Procedural is just a very generic name for a myriad of techniques to generate stuff (like saying “rasterized” when you mean “painted it in photoshop”). It means that unless you try and compress something, you’re generating something dynamically. But it can’t be used for everything, quite the contrary.
On .kkrieger case, for example, textures are generated by code - instead of graphical files, they have some functions that generate the images. For example, a guy draws a square (by code), applies noise, some emboss, change color, voila - it’s metal, done on whatever size you want, with like 100 bytes (sans graphical api). Then he duplicates it and changes the color and that’s a “brick”. The same can be done for wood, some kinds of grass, water, walls, etc.

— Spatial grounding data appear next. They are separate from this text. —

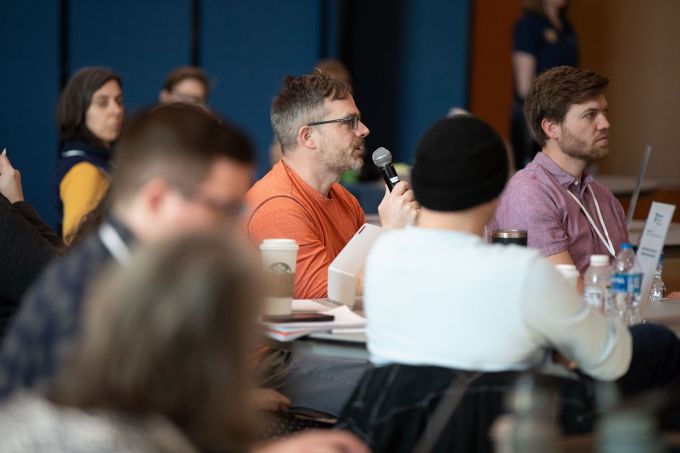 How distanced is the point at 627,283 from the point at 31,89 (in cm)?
519

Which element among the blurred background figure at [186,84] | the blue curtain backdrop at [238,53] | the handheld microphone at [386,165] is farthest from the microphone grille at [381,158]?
the blue curtain backdrop at [238,53]

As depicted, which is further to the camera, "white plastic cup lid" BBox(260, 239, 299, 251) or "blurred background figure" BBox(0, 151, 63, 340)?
"blurred background figure" BBox(0, 151, 63, 340)

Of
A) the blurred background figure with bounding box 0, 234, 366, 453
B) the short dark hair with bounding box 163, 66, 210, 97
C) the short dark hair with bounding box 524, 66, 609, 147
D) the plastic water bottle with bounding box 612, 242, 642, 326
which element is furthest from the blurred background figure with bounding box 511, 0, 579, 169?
the blurred background figure with bounding box 0, 234, 366, 453

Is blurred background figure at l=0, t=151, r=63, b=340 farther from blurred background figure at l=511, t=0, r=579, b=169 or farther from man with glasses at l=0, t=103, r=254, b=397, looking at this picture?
blurred background figure at l=511, t=0, r=579, b=169

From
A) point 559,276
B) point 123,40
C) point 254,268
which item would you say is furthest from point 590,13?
point 254,268

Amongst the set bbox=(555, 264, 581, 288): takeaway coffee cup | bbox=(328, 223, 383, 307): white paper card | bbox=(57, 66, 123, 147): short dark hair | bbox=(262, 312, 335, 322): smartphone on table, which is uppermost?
bbox=(57, 66, 123, 147): short dark hair

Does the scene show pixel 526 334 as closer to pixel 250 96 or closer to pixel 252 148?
pixel 252 148

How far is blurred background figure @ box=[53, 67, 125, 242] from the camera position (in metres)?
4.72

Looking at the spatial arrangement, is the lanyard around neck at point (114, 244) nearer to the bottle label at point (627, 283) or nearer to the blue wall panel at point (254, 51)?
the bottle label at point (627, 283)

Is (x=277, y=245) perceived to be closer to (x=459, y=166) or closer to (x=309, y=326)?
(x=309, y=326)

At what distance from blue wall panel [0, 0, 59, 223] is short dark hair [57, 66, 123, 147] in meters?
1.99

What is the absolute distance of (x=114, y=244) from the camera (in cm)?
167

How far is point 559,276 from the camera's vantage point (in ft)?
6.56

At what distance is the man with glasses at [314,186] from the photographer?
322cm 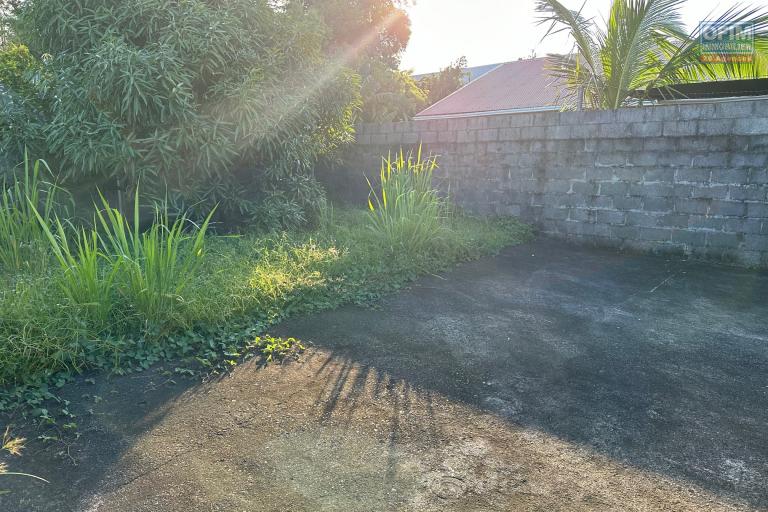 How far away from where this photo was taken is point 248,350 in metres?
3.18

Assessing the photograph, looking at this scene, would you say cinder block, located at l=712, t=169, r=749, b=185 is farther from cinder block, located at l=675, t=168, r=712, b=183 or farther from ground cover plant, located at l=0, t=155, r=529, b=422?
ground cover plant, located at l=0, t=155, r=529, b=422

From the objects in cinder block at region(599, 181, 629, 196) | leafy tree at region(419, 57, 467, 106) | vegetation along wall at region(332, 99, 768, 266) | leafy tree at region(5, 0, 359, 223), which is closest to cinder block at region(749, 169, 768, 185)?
vegetation along wall at region(332, 99, 768, 266)

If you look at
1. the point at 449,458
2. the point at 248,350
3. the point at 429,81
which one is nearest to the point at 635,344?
the point at 449,458

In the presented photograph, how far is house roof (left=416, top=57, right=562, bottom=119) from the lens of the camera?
55.1ft

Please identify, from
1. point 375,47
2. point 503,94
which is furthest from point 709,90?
point 503,94

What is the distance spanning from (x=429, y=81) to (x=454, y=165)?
14172 mm

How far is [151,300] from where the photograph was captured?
126 inches

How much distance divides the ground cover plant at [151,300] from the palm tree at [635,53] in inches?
161

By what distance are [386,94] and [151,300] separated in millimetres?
9228

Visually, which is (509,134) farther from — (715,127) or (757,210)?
(757,210)

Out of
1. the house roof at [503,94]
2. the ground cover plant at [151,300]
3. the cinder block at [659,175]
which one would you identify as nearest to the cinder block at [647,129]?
the cinder block at [659,175]

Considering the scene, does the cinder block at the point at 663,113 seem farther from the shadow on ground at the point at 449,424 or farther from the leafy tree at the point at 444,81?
the leafy tree at the point at 444,81

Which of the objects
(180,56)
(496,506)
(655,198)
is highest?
(180,56)

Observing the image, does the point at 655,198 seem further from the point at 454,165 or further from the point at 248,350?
the point at 248,350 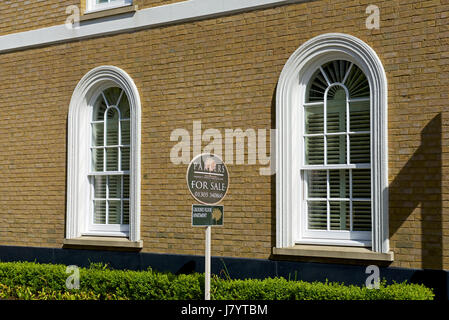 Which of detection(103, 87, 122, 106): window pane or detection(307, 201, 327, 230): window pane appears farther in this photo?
detection(103, 87, 122, 106): window pane

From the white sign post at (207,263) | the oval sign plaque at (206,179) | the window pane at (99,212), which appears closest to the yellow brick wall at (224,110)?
the window pane at (99,212)

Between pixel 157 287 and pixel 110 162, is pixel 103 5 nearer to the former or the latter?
pixel 110 162

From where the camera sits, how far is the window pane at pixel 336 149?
9.34 metres

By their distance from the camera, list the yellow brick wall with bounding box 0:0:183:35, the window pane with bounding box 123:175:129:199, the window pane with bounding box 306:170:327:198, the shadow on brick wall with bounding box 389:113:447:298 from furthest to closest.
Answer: the yellow brick wall with bounding box 0:0:183:35, the window pane with bounding box 123:175:129:199, the window pane with bounding box 306:170:327:198, the shadow on brick wall with bounding box 389:113:447:298

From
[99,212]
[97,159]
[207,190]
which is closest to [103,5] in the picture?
[97,159]

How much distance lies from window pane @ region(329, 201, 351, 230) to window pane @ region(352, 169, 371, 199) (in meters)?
0.23

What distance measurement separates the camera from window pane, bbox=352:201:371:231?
905 cm

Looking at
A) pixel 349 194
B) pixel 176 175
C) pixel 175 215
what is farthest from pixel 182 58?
pixel 349 194

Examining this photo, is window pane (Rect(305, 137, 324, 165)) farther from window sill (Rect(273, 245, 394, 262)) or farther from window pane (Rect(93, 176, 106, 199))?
window pane (Rect(93, 176, 106, 199))

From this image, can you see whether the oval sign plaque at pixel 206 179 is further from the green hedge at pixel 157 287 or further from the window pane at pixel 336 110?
the window pane at pixel 336 110

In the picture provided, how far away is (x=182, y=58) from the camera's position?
1065 cm

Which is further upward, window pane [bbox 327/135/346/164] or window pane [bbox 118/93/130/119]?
A: window pane [bbox 118/93/130/119]

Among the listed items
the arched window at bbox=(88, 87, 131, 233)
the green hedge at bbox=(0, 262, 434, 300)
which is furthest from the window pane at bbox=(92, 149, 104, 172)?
the green hedge at bbox=(0, 262, 434, 300)

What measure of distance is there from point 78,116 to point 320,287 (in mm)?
5720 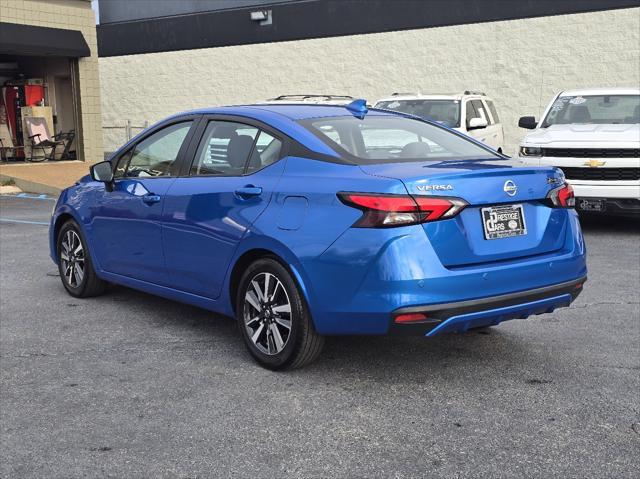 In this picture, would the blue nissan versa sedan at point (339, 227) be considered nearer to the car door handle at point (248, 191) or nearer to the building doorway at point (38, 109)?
the car door handle at point (248, 191)

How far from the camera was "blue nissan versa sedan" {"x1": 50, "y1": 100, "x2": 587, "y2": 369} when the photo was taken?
4281 millimetres

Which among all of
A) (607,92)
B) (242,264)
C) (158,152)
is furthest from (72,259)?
(607,92)

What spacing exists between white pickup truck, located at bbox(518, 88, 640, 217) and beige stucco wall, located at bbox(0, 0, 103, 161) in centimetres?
1476

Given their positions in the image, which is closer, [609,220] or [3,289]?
[3,289]

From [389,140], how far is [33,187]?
1430 centimetres

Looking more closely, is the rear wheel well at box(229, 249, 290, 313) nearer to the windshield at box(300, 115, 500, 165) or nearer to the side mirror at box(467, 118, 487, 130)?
the windshield at box(300, 115, 500, 165)

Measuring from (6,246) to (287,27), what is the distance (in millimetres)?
16582

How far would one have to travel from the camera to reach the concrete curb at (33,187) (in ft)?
57.0

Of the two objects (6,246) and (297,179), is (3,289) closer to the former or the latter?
(6,246)

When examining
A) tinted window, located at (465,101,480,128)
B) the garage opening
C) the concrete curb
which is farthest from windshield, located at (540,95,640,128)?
the garage opening

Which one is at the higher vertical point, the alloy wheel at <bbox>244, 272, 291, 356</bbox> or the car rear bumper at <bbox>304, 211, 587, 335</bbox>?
the car rear bumper at <bbox>304, 211, 587, 335</bbox>

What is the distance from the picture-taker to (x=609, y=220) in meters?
12.2

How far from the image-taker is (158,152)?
608cm

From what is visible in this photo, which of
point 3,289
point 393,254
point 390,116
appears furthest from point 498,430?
point 3,289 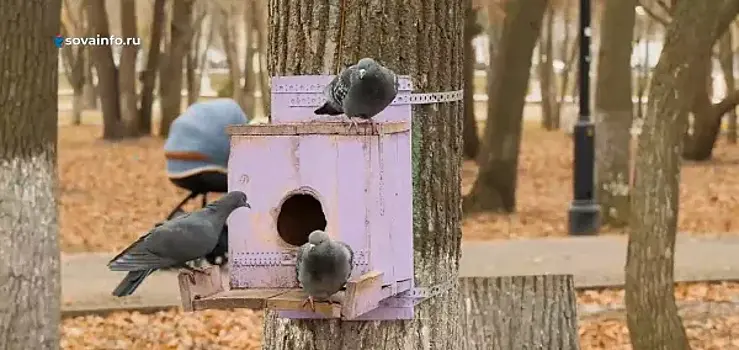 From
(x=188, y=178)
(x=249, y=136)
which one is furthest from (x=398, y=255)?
(x=188, y=178)

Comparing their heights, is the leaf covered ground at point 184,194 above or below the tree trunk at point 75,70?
below

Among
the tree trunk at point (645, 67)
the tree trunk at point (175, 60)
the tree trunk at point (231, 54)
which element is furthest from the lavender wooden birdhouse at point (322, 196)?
the tree trunk at point (645, 67)

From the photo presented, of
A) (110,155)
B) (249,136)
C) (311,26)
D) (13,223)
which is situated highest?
(311,26)

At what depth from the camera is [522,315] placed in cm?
475

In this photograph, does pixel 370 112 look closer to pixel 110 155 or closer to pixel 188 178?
pixel 188 178

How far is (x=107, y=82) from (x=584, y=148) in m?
18.2

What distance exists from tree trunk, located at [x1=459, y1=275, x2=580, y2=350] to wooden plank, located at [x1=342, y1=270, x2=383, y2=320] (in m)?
1.63

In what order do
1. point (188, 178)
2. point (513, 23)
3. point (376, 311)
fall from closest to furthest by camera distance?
→ point (376, 311)
point (188, 178)
point (513, 23)

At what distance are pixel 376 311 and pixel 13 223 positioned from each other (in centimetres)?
269

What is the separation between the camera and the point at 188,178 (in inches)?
323

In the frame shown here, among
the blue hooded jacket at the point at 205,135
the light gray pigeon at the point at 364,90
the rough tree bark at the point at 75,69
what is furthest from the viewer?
the rough tree bark at the point at 75,69

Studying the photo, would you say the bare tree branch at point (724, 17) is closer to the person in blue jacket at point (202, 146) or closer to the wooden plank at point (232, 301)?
the person in blue jacket at point (202, 146)

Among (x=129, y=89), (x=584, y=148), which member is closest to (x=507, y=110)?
(x=584, y=148)

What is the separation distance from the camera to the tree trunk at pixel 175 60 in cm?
2603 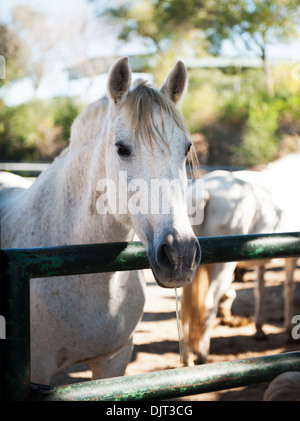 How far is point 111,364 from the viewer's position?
2184mm

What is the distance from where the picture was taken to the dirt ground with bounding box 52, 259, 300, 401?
350 cm

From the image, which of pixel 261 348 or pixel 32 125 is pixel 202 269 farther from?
pixel 32 125

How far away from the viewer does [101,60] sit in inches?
1261

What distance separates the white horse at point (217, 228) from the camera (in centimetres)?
363

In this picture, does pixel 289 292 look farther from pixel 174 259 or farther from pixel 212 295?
pixel 174 259

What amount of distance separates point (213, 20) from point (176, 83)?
23338 millimetres

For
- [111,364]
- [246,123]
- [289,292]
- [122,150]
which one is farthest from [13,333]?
[246,123]

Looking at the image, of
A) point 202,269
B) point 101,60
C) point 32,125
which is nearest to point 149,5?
point 101,60

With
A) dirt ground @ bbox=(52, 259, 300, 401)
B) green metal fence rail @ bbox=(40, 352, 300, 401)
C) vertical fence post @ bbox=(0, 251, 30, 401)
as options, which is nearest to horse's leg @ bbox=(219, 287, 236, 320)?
dirt ground @ bbox=(52, 259, 300, 401)

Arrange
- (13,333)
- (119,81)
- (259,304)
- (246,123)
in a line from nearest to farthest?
(13,333) → (119,81) → (259,304) → (246,123)

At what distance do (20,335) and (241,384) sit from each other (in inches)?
27.3

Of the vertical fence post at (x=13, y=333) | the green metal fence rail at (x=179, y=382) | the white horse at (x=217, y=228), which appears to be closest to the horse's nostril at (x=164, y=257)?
the green metal fence rail at (x=179, y=382)

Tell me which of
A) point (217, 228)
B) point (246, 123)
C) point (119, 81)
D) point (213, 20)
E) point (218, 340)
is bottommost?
point (218, 340)

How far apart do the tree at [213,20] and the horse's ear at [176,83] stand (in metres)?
18.1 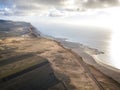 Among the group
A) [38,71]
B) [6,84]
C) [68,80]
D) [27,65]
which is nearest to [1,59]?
[27,65]

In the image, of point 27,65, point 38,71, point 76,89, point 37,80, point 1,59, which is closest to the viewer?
point 76,89

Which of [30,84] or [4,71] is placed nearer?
[30,84]

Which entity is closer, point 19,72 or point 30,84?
point 30,84

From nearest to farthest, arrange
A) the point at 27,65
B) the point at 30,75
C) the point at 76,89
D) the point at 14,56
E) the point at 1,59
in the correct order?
the point at 76,89
the point at 30,75
the point at 27,65
the point at 1,59
the point at 14,56

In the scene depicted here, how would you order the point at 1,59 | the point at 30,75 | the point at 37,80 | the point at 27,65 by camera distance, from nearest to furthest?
the point at 37,80 < the point at 30,75 < the point at 27,65 < the point at 1,59

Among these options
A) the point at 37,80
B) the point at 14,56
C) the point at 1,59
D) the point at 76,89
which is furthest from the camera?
the point at 14,56

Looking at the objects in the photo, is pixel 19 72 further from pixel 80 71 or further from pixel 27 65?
pixel 80 71

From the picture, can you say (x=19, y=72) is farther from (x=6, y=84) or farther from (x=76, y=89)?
(x=76, y=89)

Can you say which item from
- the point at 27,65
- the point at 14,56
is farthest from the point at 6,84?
the point at 14,56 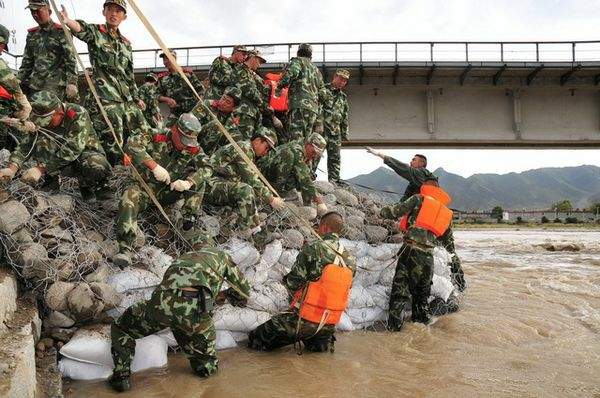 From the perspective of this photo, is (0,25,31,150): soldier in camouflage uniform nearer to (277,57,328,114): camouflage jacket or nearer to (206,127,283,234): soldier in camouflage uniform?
(206,127,283,234): soldier in camouflage uniform

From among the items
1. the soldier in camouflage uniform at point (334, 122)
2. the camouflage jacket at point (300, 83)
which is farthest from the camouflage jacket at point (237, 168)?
the soldier in camouflage uniform at point (334, 122)

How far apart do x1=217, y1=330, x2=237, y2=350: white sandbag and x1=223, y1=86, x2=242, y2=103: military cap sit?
3402mm

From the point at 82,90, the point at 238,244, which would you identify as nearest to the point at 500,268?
the point at 238,244

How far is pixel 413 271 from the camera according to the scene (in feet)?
17.1

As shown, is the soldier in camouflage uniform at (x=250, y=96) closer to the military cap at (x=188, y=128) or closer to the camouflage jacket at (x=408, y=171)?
the camouflage jacket at (x=408, y=171)

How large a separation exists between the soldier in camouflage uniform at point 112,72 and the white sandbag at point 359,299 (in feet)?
9.16

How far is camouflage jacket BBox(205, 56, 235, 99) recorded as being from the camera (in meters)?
7.39

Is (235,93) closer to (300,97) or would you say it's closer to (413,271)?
(300,97)

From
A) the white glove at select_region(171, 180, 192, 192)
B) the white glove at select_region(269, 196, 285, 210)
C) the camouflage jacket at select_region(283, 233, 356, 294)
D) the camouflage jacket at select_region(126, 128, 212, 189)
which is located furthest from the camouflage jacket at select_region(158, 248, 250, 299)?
the white glove at select_region(269, 196, 285, 210)

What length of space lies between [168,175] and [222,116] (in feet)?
7.87

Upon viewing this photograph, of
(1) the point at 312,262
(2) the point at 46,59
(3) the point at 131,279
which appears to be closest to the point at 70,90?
(2) the point at 46,59

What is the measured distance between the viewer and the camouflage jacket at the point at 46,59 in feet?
17.4

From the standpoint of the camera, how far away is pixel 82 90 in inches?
467

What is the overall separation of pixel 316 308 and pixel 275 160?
7.37 feet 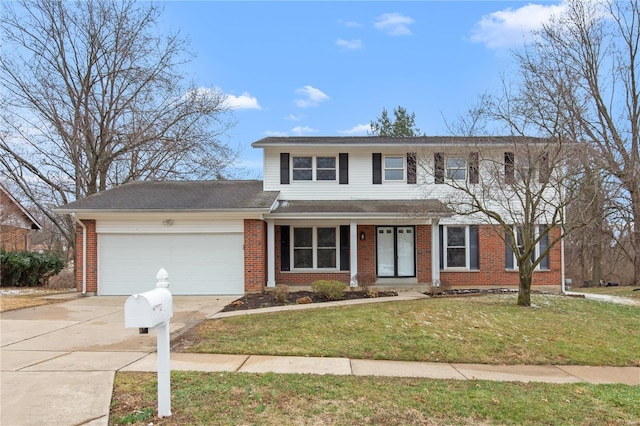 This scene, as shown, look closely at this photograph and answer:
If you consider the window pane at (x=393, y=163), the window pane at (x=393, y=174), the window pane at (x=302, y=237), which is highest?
the window pane at (x=393, y=163)

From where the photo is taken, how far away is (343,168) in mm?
16234

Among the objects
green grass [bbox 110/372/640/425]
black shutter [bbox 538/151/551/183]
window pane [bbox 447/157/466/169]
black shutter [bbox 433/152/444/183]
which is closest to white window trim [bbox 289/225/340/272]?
black shutter [bbox 433/152/444/183]

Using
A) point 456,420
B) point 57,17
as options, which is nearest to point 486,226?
point 456,420

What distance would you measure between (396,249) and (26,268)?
15319 millimetres

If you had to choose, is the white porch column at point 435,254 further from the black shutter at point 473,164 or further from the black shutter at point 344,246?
the black shutter at point 344,246

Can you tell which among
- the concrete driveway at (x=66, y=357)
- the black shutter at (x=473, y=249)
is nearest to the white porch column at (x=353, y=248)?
the black shutter at (x=473, y=249)

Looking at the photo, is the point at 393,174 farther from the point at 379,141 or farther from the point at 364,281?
the point at 364,281

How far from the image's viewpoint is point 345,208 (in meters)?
14.7

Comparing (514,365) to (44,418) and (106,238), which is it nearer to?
(44,418)

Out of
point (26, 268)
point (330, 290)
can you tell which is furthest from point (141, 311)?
point (26, 268)

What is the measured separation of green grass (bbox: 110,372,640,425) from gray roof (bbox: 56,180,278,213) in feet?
28.9

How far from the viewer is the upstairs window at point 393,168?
16.4 meters

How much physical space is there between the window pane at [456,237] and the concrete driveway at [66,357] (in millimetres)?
8937

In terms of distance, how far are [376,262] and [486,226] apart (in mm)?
4311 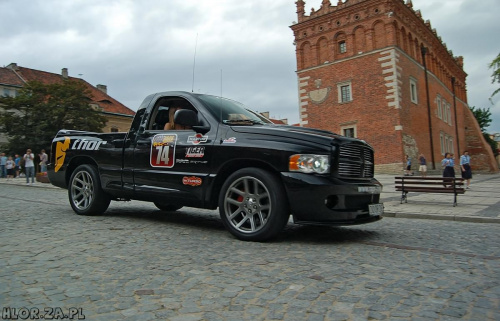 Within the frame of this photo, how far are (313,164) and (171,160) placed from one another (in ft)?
6.79

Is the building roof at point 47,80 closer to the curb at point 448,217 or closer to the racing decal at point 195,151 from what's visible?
the curb at point 448,217

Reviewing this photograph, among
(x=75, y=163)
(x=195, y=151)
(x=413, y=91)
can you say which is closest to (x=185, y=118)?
(x=195, y=151)

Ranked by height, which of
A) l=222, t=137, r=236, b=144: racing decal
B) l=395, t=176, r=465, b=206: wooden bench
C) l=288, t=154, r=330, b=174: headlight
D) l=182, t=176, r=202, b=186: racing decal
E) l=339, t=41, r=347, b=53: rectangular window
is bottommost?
l=395, t=176, r=465, b=206: wooden bench

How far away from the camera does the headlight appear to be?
4.30m

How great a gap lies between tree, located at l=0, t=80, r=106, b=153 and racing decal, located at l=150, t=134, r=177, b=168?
32.4 metres

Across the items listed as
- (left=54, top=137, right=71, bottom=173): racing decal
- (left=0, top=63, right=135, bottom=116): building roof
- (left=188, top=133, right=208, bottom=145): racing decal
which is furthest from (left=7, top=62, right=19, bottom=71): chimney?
(left=188, top=133, right=208, bottom=145): racing decal

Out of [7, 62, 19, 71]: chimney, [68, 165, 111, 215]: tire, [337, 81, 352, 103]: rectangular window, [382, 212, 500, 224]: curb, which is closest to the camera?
[68, 165, 111, 215]: tire

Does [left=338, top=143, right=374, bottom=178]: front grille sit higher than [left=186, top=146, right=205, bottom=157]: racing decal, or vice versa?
[left=186, top=146, right=205, bottom=157]: racing decal

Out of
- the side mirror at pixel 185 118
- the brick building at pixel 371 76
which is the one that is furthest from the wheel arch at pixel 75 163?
the brick building at pixel 371 76

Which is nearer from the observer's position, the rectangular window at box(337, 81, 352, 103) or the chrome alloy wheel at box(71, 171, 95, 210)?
the chrome alloy wheel at box(71, 171, 95, 210)

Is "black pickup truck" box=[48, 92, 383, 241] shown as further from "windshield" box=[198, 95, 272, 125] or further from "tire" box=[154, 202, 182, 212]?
"tire" box=[154, 202, 182, 212]

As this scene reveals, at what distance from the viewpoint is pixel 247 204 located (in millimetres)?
4582

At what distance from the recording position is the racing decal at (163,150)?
5.36 m

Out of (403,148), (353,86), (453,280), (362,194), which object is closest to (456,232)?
(362,194) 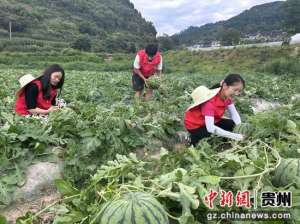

But of course that’s really limited, If you look at kkrieger’s generated textures you’ll notice they’re fairly ‘simple’. So it’s a programmer playing the part of what a designer would do on, say, photoshop. It’s not practical for real games because you have to code the entire steps taken to draw that thing. For textures that are hand-painted, there’s no mathematical equivalent.
On megatextures’ case, apparently it’s procedurally generated on the tool (so you can lay some kind of textures fast, like drawing grass until a certain height, snow and water to other height, stuff like that). It’s done like that to save design time, but the end result is just a flatten image because if you want to add some touches to it, you can.